Last October, we discussed a commentary by Patrick Harker, the President of the Philadelphia Federal Reserve, on the importance of the US Yield Curve as an indicator of future US recessions.
Harker had said that the Open Market Committee of the Federal Reserve needed to keep an eye on the shape of the yield curve as the Fed tightened monetary policy. He suggested this might aid the Fed to tighten more slowly, so as not to provoke another US slowdown.
We examined the data for the period 1982 to 2017. We found that Harker was correct. Using a measure of the yield curve as US 10 year bond yields minus 90 day bill yields, we found that variation in the shape of the yield curve had a 100% success rate in predicting US recessions since the early 80's. We found that the yield curve did not have to fall below zero to forecast a recession. It was sufficient for this measure of the yield curve to fall below 0.5%. This level was particularly relevant in the late 1980's and early 1990's. It was at this time that a modest slowdown in the US economy, caused by a crisis in US "savings and loans" (similar to Australian building societies), began a US slowdown which provoked the Australian recession of the early 1990's.
What was different over the time period was the lag between this inversion in the yield curve and when a US slowdown occurred. In the data before the year 2000, an inversion of the yield curve appeared to lead to a US slowdown after a period of around five quarters. After the year 2000, an inversion in the US yield curve appeared to lead to a US slowdown after a period of around nine quarters.
In January, I went to a presentation by Patrick Harker in Philadelphia. I asked Harker about his comments on the yield curve. He said that the shape of the US yield curve was a very strong indicator of a future US recession. However, he said there was no clear explanation of how this indicator worked.
Is the next US recession in sight?
The Federal Reserve has been tightening for almost two years. How close are we to the yield curve telling us a recession awaits? In Figure 1 above we see the US yield curve for the period from 1982 to 2018. The US yield curve, which peaked at around 3.7% in April 2010, has been tightening progressively since. This tightening began even before the Federal Reserve began to increase the Fed Funds rate.

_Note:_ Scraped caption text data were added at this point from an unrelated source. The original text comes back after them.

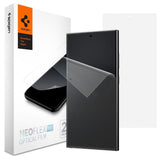 Folia Spigen Neo Flex Ultra Clear - Samsung Galaxy S24+ [2 Pack]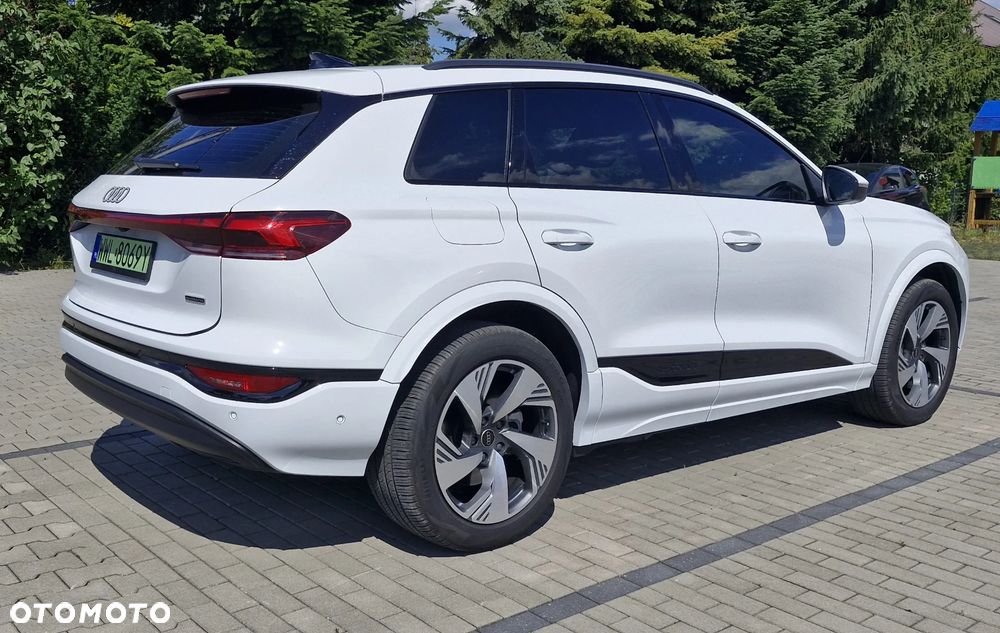 Audi Q6 e-tron quattro - 5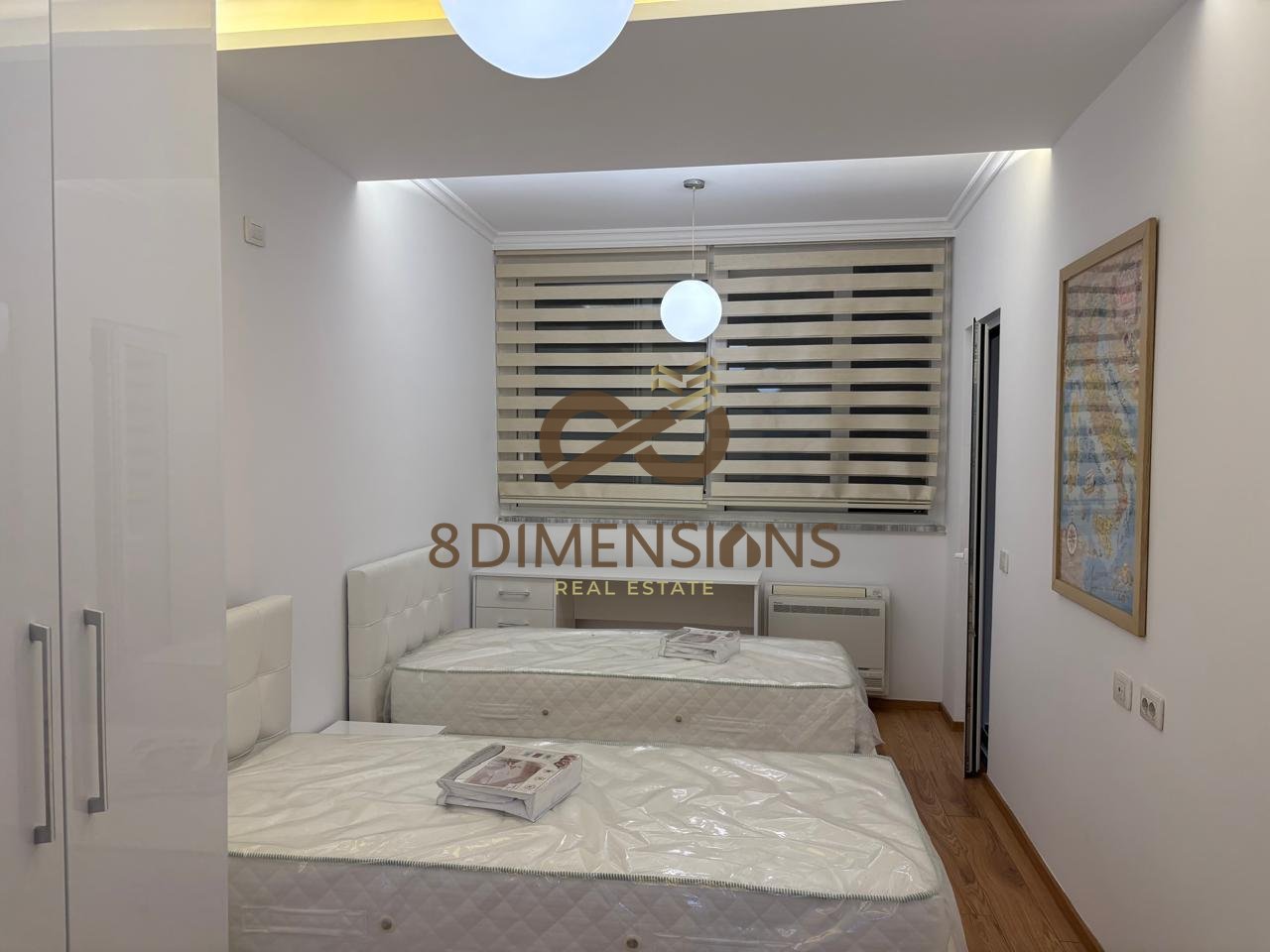 Apartament 2+1 me qera tek Pazari Ri D8242A-289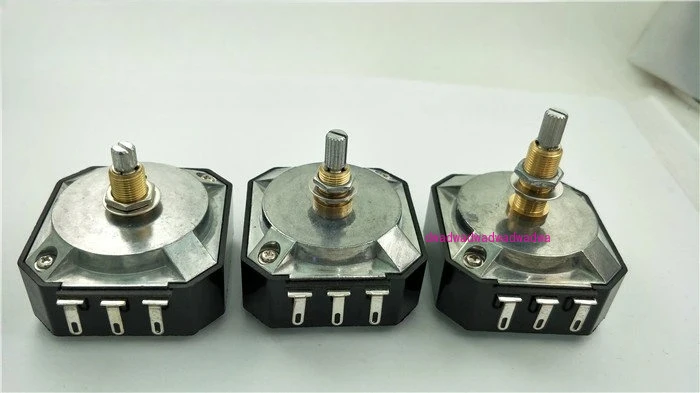 

8 ohm audio potentiometer AT-50H L-8 Ω treble attenuator 8 ohm 16 ohm GG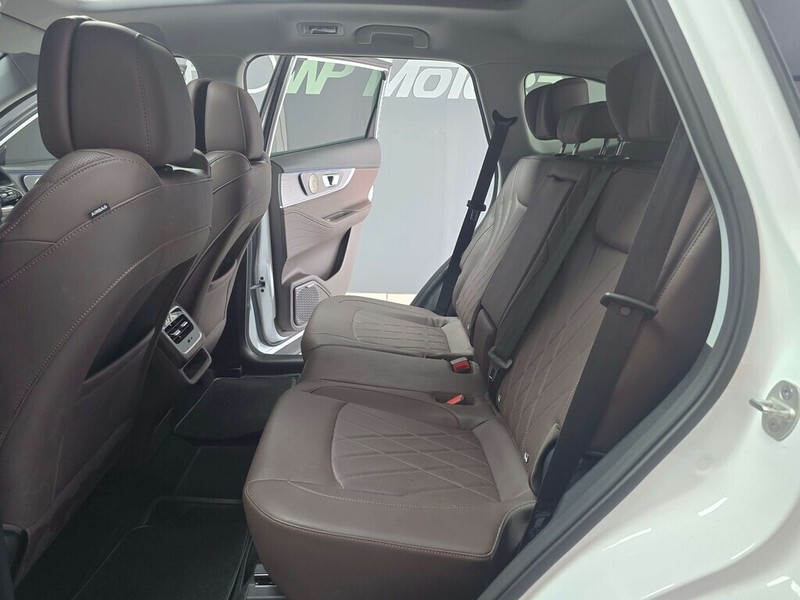 Chery Tiggo 8 Pro - WP Motors - Image 17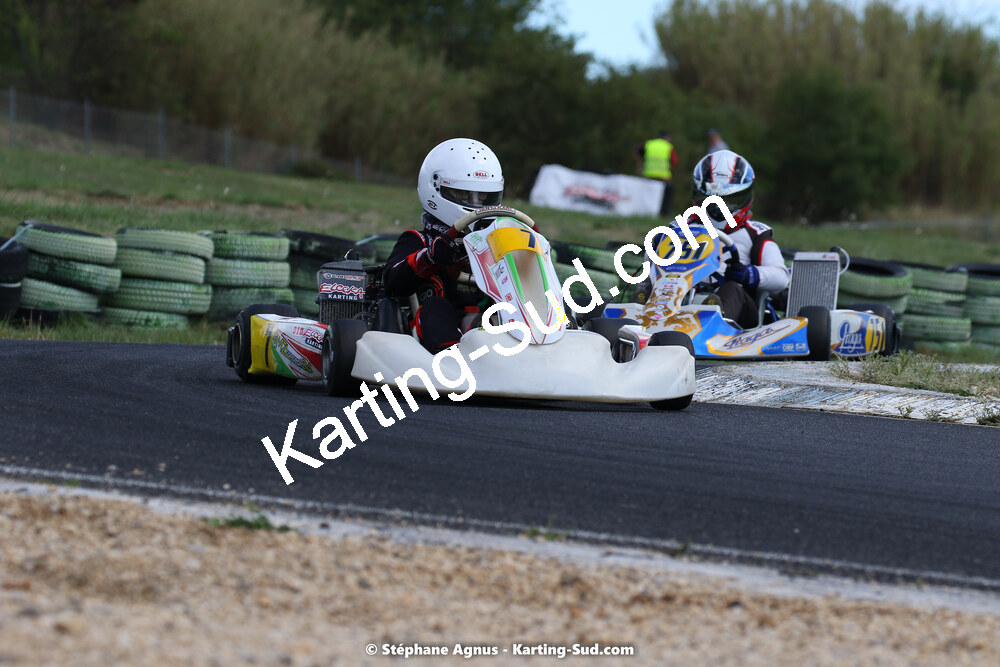 19/09/2021 : Les Rencontres ELCEKA d’Automne 2021 à Grabels (photos Stéphane Agnus) 2021 — karting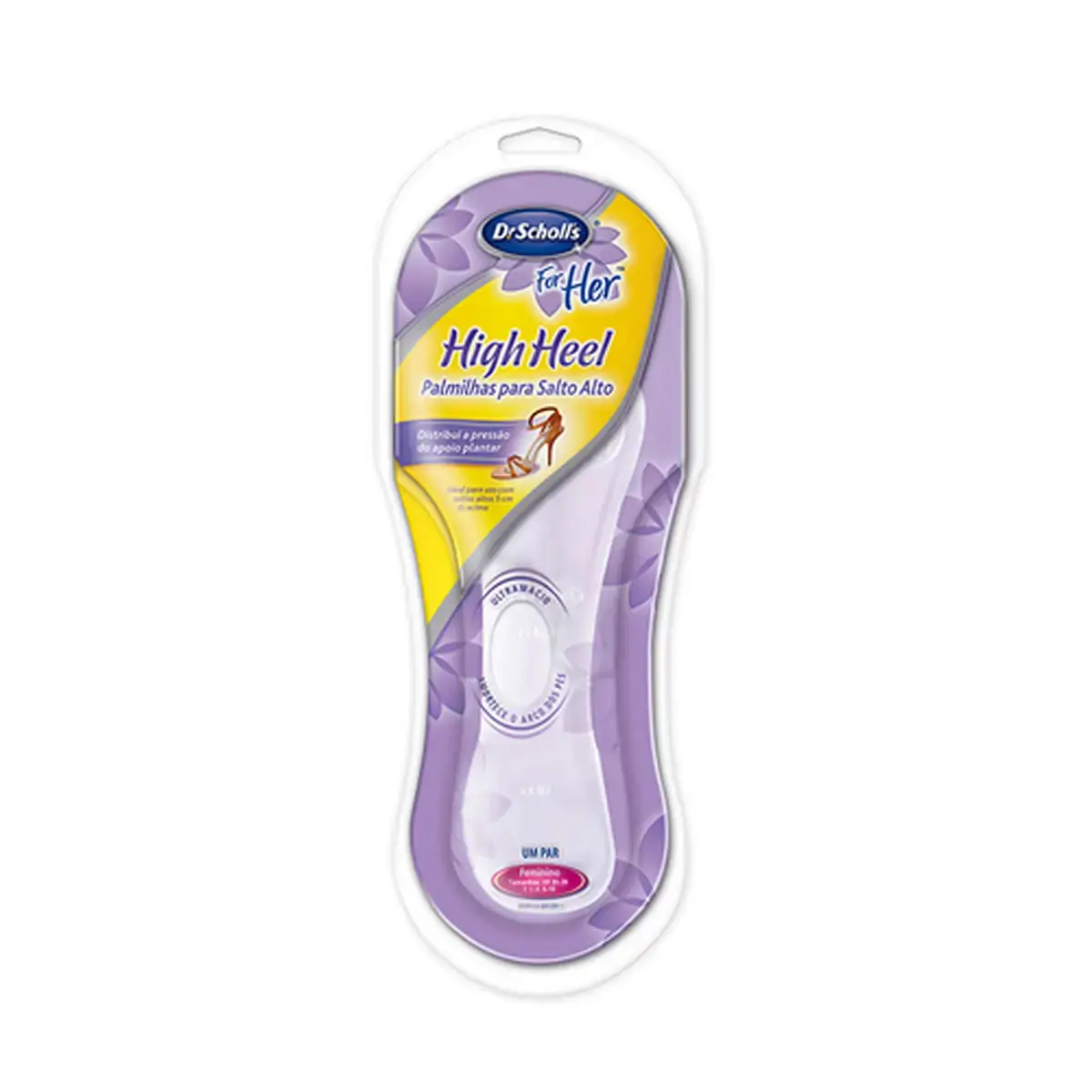 Palmilha Dr Scholls For Her
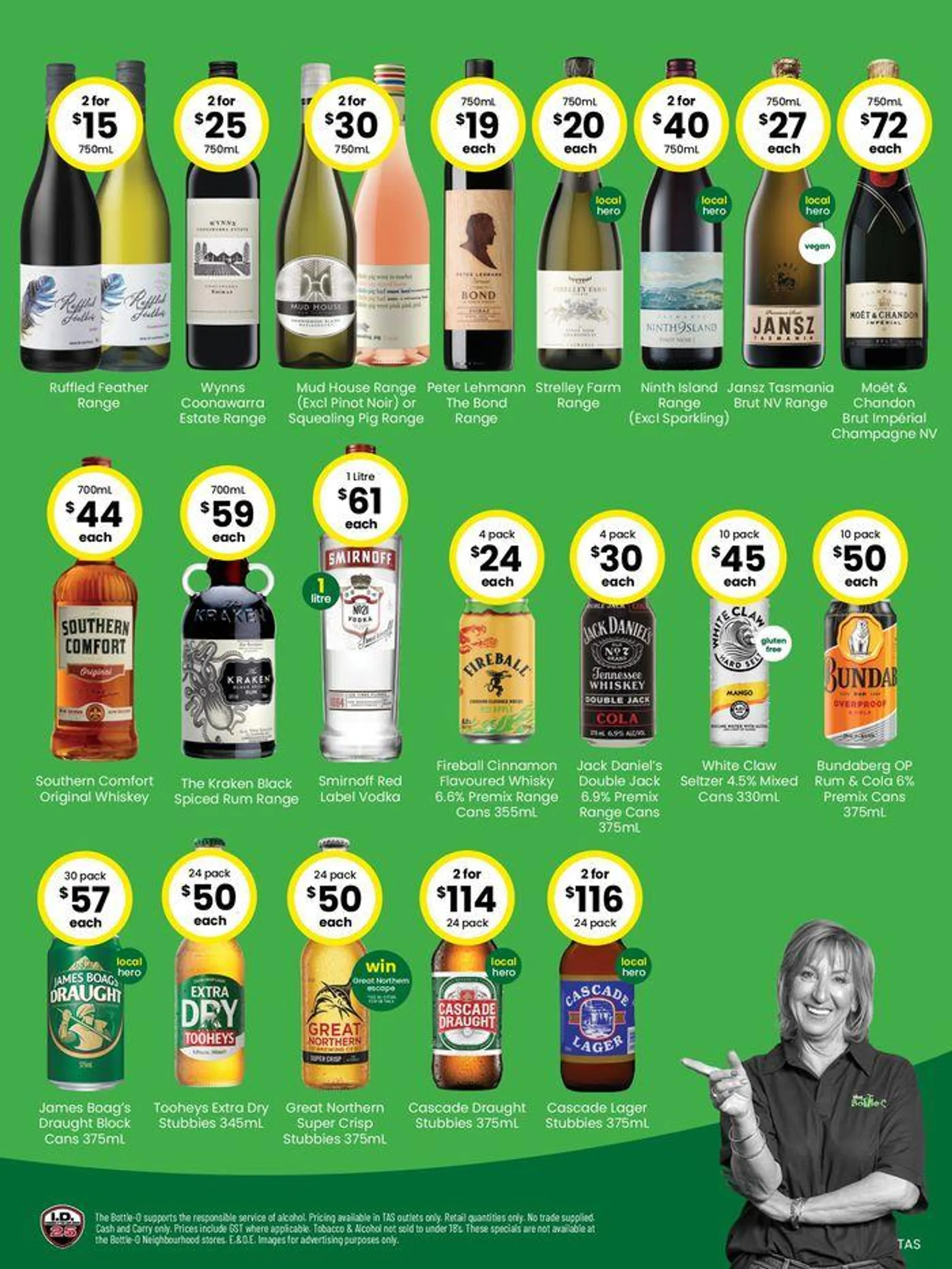 Good Value Booze, For Good Value People 22/07 - 2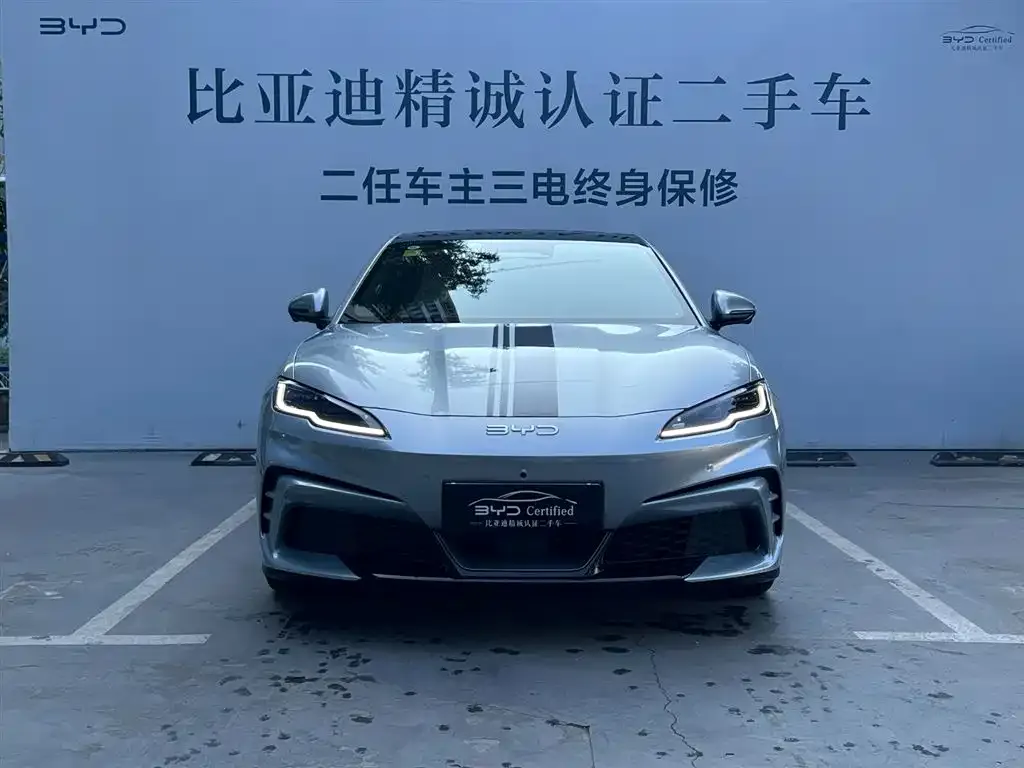 BYD Seal 06GT — фото 2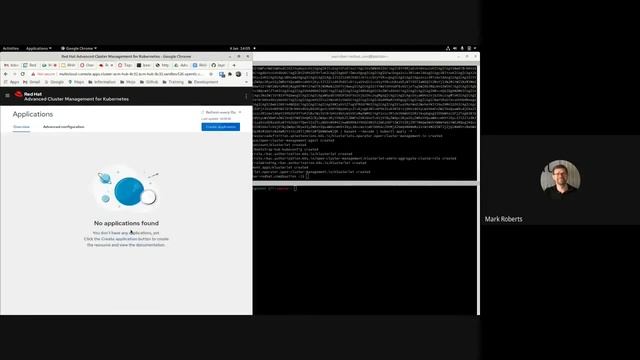 Red Hat Advanced Cluster Management for Kubernetes смотреть онлайн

Since 2016, the Fed rate hikes have been followed by an increase in 10 year bond yields. 10 year bond yields have been losing the race with the Fed Funds rate. This means that the yield curve has been declining. On Monday 18 June, our measure of the yield curve had fallen to 98 basis points. Still, 98 basis points is above our precautionary level of 50 basis points, which signals a future US recession.
The current shape of the US yield curve does not signal a coming US recession. Should the Fed continue to tighten at the current pace, this signal of a forthcoming US recession might be apparent by early next year.